TASK STATEMENT: Produce exactly the lines starting at the one containing "Set Paparazzi Jewelry" and ending at the last line of the material, with nothing added.

GIVEN RECORDS:

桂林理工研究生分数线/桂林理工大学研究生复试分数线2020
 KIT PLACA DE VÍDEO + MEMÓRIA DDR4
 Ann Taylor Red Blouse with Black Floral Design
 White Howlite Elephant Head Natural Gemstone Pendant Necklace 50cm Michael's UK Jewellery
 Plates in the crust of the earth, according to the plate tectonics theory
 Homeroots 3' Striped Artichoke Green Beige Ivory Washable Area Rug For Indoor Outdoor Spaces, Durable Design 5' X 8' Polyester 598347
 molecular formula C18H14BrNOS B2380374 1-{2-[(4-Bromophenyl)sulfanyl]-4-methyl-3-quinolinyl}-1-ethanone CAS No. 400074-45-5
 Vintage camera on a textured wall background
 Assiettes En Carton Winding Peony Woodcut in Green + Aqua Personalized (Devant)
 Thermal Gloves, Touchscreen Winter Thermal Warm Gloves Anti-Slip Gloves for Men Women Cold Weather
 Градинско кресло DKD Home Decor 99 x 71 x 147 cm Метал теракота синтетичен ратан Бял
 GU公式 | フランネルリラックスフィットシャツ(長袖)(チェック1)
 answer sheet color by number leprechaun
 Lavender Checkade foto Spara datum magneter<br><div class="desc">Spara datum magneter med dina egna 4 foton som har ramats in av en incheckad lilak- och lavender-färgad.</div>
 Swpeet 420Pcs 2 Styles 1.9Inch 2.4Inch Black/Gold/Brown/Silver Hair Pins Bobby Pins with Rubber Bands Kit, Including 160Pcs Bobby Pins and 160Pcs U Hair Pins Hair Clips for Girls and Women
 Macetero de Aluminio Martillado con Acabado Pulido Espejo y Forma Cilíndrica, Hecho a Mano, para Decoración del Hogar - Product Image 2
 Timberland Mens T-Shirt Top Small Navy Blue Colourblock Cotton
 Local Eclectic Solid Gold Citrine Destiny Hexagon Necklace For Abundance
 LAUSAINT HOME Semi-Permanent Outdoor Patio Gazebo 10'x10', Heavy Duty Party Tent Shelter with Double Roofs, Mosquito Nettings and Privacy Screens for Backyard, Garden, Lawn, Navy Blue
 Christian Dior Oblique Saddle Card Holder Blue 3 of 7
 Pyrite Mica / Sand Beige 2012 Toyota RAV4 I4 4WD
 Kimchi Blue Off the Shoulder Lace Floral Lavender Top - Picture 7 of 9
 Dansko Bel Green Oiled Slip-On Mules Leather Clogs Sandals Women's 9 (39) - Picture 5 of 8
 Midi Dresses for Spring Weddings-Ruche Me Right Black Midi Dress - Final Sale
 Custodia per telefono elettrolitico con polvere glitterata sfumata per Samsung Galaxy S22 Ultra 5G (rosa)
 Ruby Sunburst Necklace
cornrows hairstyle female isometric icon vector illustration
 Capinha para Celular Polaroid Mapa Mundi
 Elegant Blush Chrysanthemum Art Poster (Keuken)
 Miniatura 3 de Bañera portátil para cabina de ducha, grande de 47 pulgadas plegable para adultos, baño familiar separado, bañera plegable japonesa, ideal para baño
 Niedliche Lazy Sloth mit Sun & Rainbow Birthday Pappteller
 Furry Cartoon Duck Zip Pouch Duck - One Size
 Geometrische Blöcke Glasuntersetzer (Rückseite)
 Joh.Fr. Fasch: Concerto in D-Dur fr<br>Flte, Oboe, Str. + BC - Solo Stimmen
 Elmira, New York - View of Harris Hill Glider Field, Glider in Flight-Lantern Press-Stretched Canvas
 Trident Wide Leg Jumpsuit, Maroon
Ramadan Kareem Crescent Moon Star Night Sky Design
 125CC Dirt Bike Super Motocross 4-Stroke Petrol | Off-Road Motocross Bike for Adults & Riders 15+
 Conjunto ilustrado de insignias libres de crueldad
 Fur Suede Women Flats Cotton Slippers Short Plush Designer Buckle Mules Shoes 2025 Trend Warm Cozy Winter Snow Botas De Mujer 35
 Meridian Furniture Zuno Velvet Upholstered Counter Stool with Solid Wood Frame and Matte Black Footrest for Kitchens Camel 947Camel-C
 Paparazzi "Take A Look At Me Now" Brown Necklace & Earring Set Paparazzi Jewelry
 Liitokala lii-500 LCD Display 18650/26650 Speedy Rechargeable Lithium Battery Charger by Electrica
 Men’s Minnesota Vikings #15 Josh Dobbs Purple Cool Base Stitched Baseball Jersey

OUTPUT FOR THIS TASK:
 Paparazzi "Take A Look At Me Now" Brown Necklace & Earring Set Paparazzi Jewelry
 Liitokala lii-500 LCD Display 18650/26650 Speedy Rechargeable Lithium Battery Charger by Electrica
 Men’s Minnesota Vikings #15 Josh Dobbs Purple Cool Base Stitched Baseball Jersey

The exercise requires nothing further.